34. The Mines Regulation Act of Western Australia requires Midland to have a Registered Mine Manager as the person directly responsible for the clay mining activity.
Mining Sites
35. Midland currently mines for clay in 5 geological zones, all within about 100 kilometres of Perth situated on a combination of land owned or leased by Midland, and land in private ownership.
36. A list of mine sites within each zone is at Attachment G. This includes sites which are currently active, and sites which have been exhausted (consumed) during the period to which these rebate claims relate.
37. The above list also shows the major mineral component of each site. Whilst the clays found in each zone have distinctive chemical and physical properties, the targeted minerals are shown as being present at each site.
38. For Midland’s operational purposes, each type of clay is allocated a grade reference. A list of the approximate chemical composition (as determined by Midland) of each grade is at Attachment H.
Targeting of New Mine Sites
39. The first step in finding a new mine site is to look for the required type of geological zone.

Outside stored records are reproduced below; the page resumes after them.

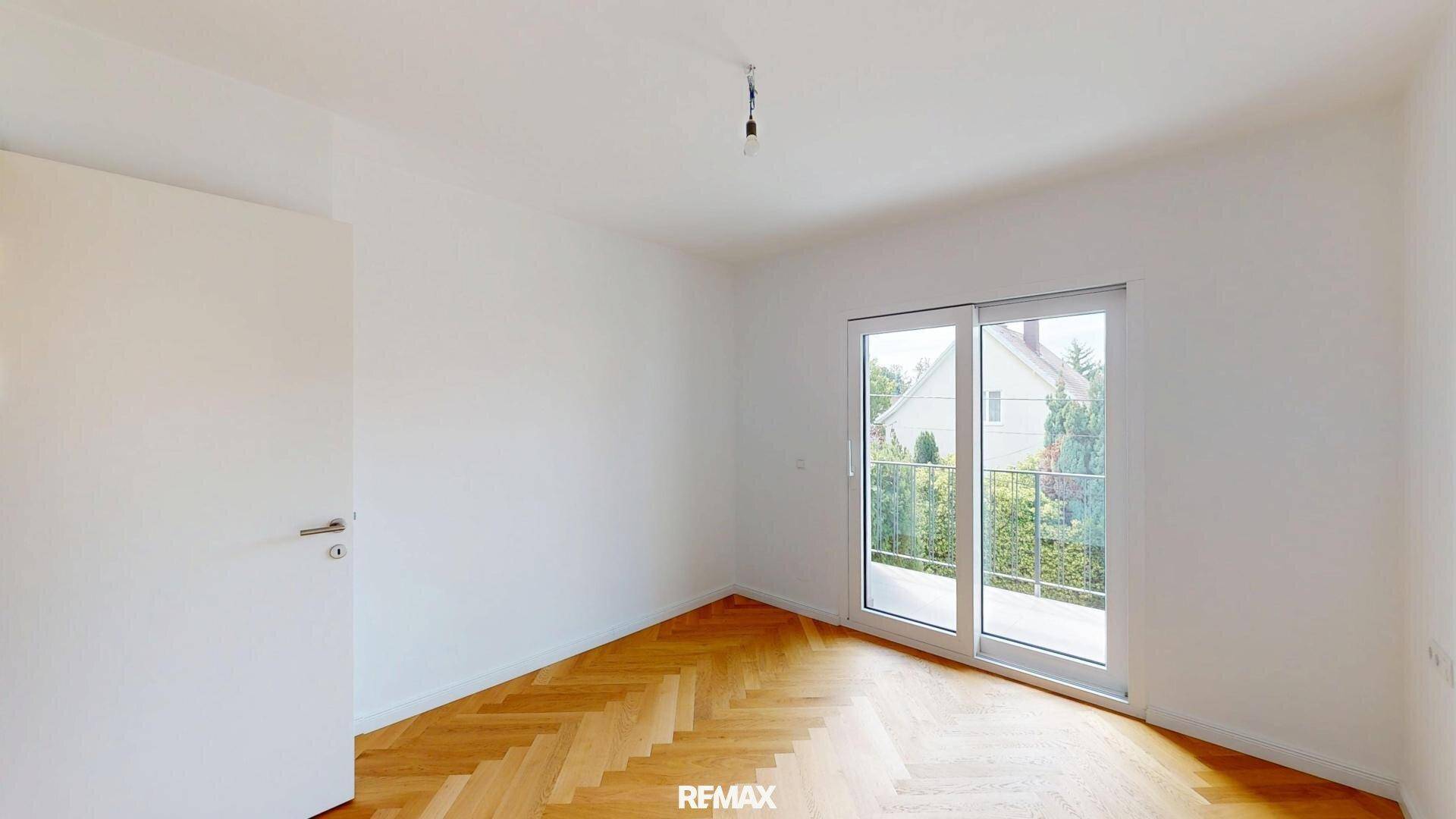 Geräumiges Schlafzimmer mit Fischgrätparkett und Zugang zu einem französischen Balkon.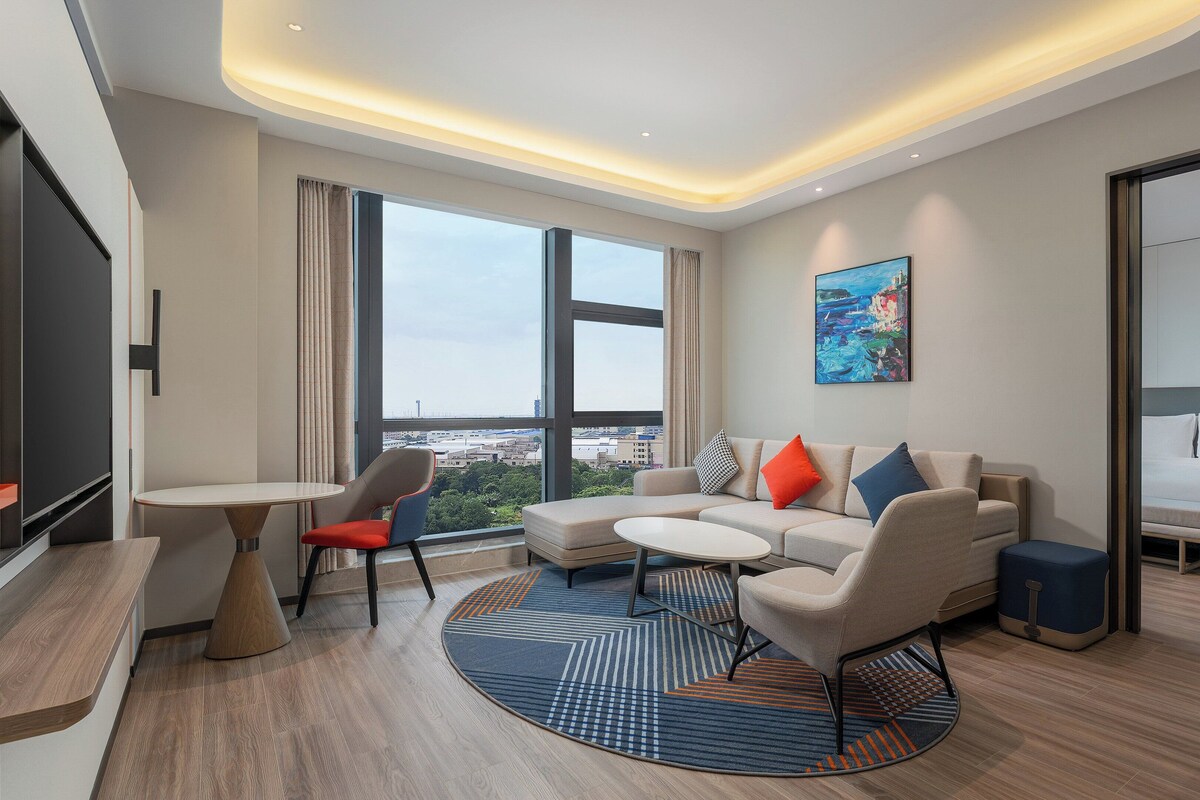 A modern hotel room with a large window, a sofa, a small table, and a bed.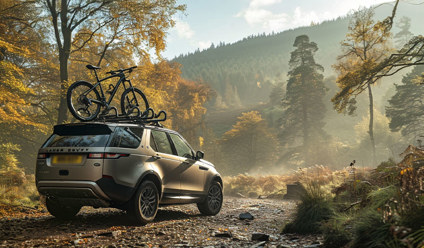 Land Rover Discovery SUV with a mountain bike on the roof parked on a forest trail in autumn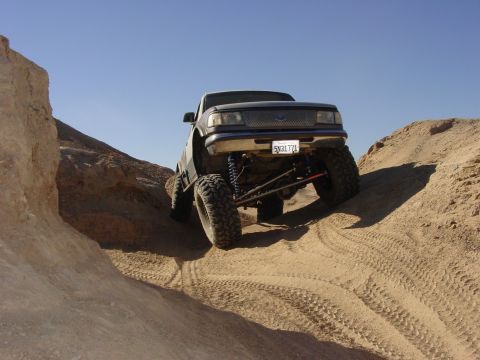 1994 Ford Bronco - Modified Ford Ranger tackling desert terrain with extreme suspension lift.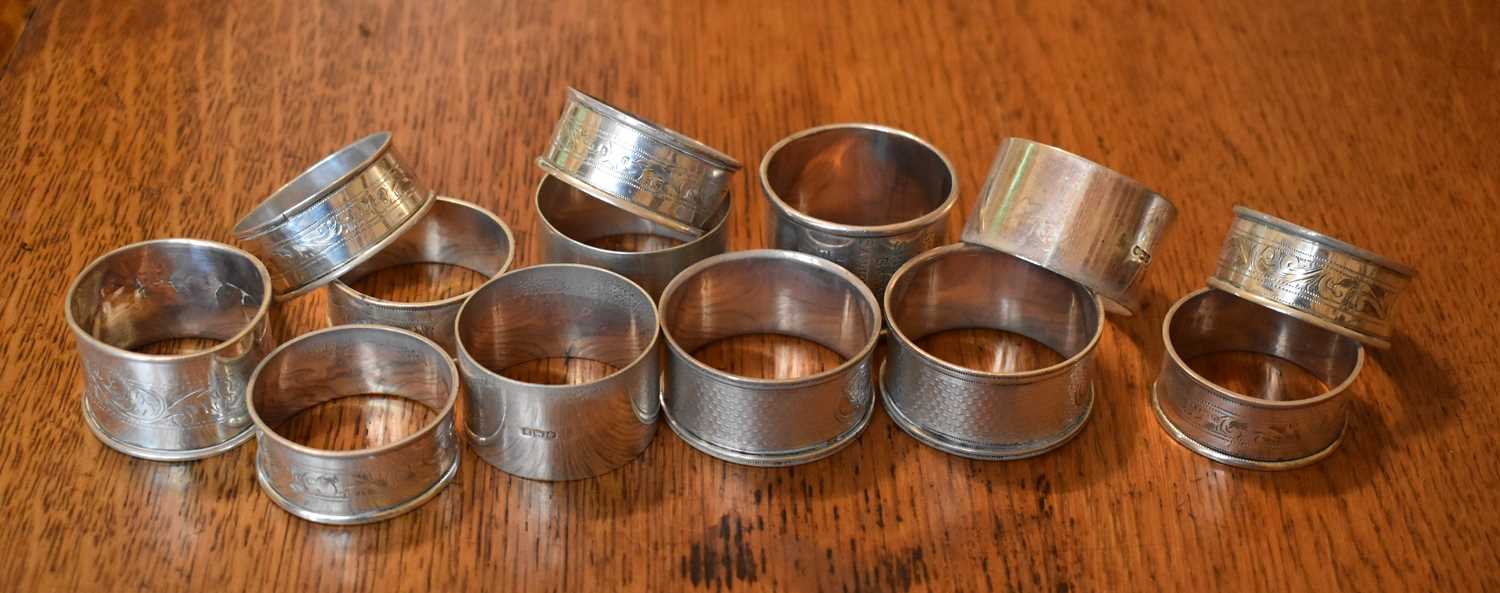 A group of thirteen silver napkin rings of various form and design including a set of six, 7.9 toz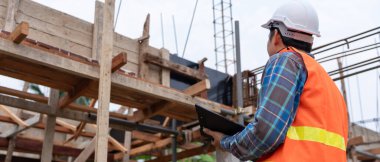 inspector or engineer is inspecting construction and quality assurance new house using a checklist. Engineers or architects or contactor work to build the house before handing it over to the homeowne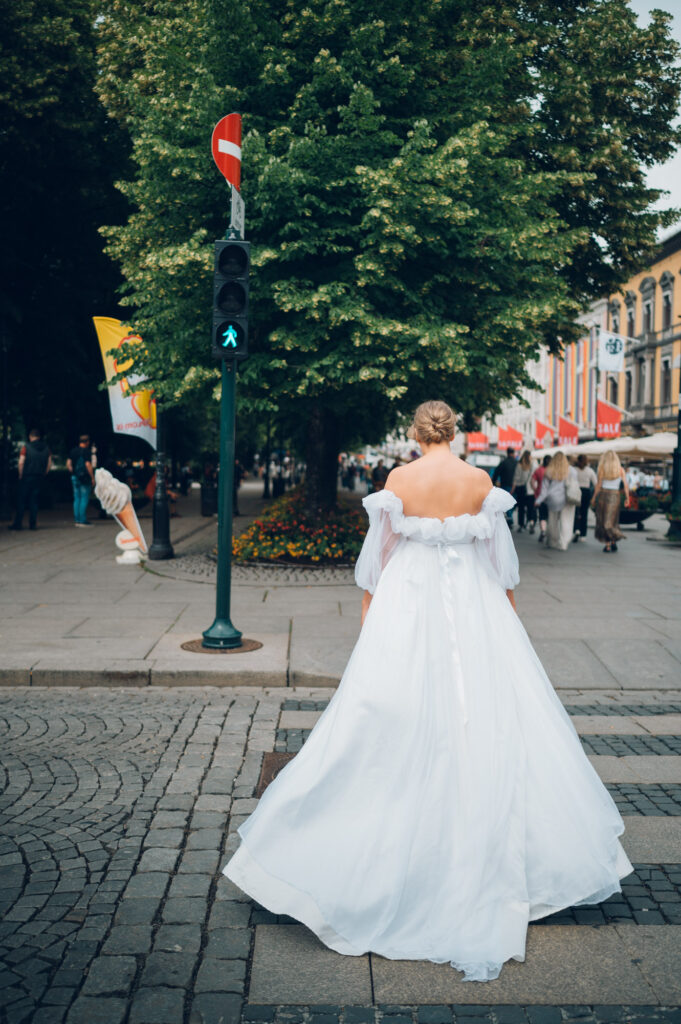 En brud med hvit brudekjole går over et fotgjengerfelt i Karl Johans gate i Oslo.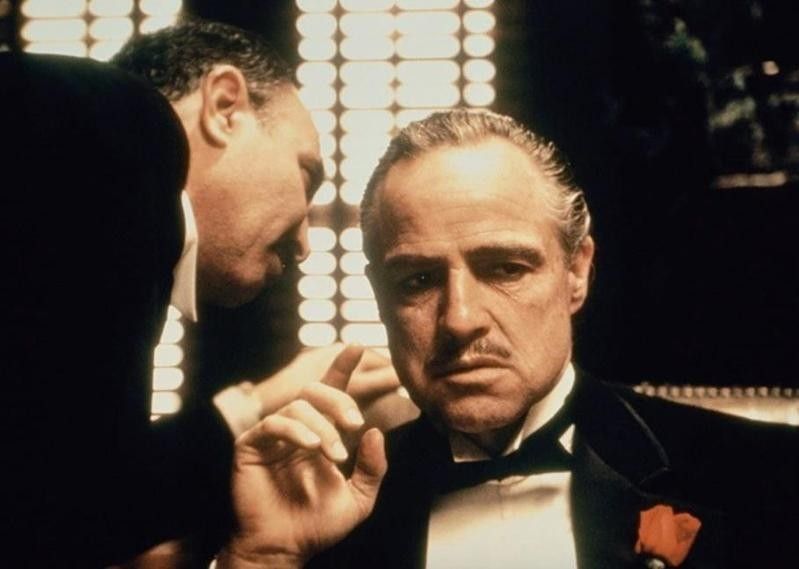 Salvatore Corsitto speaking to Marlon Brando in The Godfather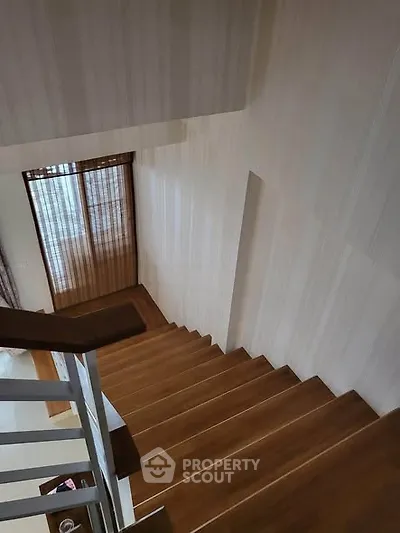 Elegant wooden staircase with modern design and natural light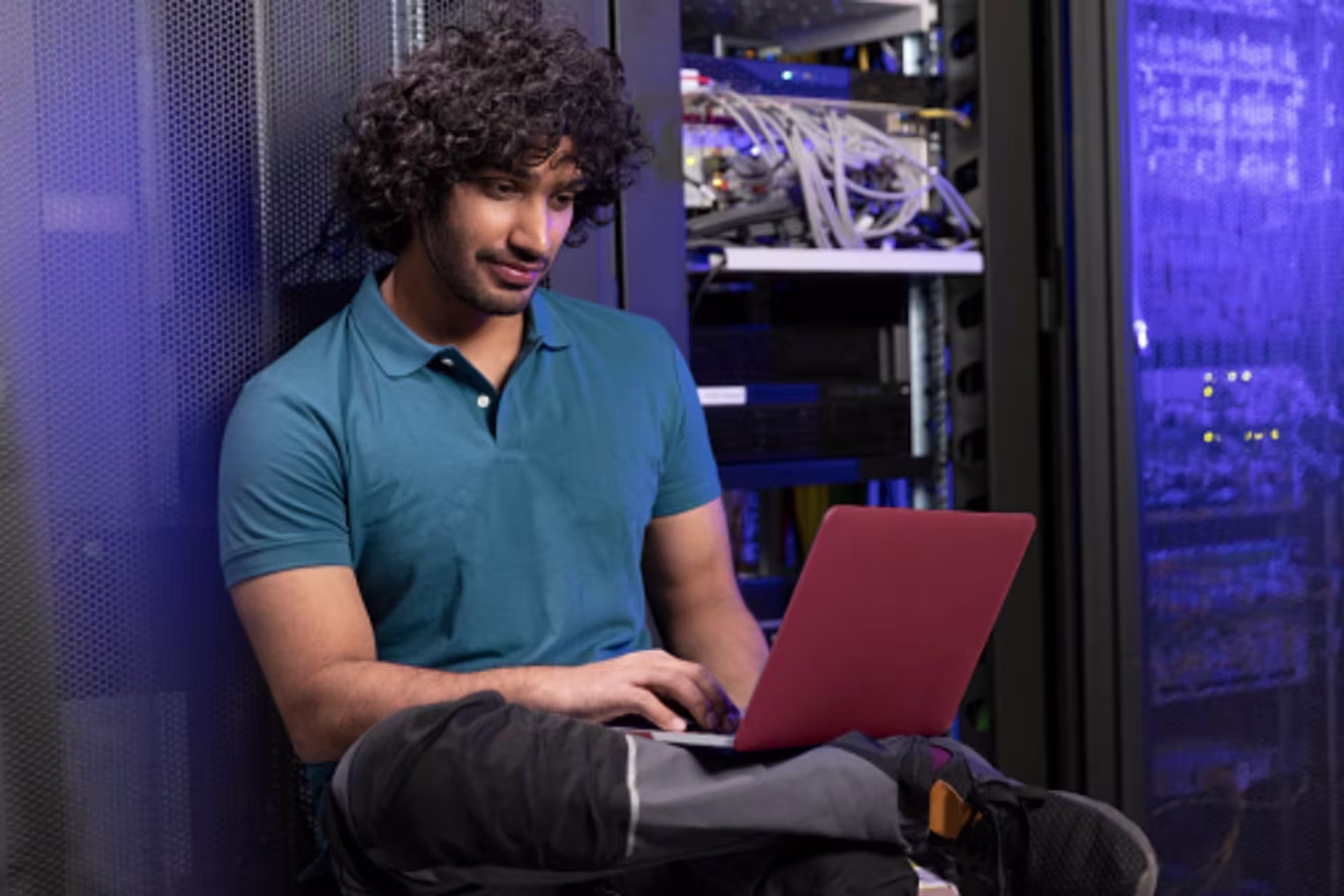 A network administrator sits in a server room, using a laptop beside rows of network and computer equipment.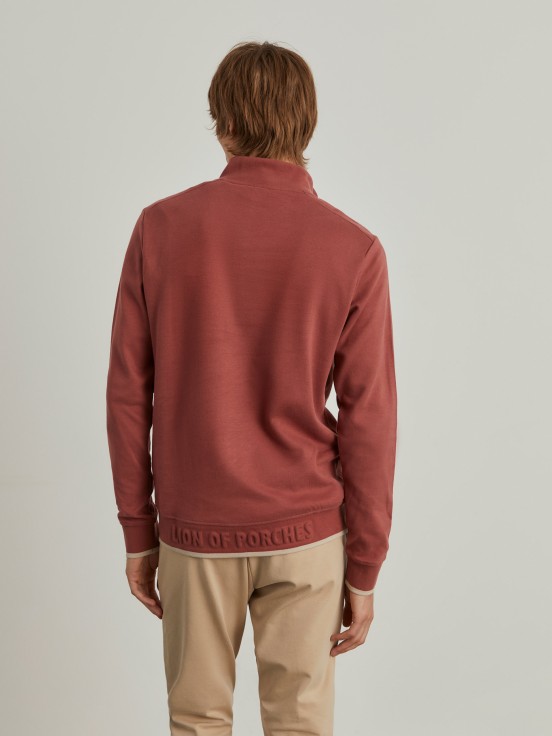 Sweater with buttons and half zip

40. This is followed by drilling and sampling along a grid pattern. Samples are sent to Midland’s laboratory for chemical and physical testing, and results recorded.
41. In determining whether a new site is suitable for mining, Midland assesses several factors, including:
·the volume of raw material (ie clay);
·its uniformity;
·how the new material will interact with current (known) material; and
·the chemical and physical composition, based on laboratory testing
42. If a site is identified as containing the targeted minerals, surveyors will produce a base map of the site, based on the grid points from the drilling program.
Mine Planning
43. Prior to mining commencing, the site will be re-drilled to confirm previous results.
44. Mining of a site will depend on the operation requirements of Midland for particular clay types, and will typically commence 1–2 years in advance of the need for that clay.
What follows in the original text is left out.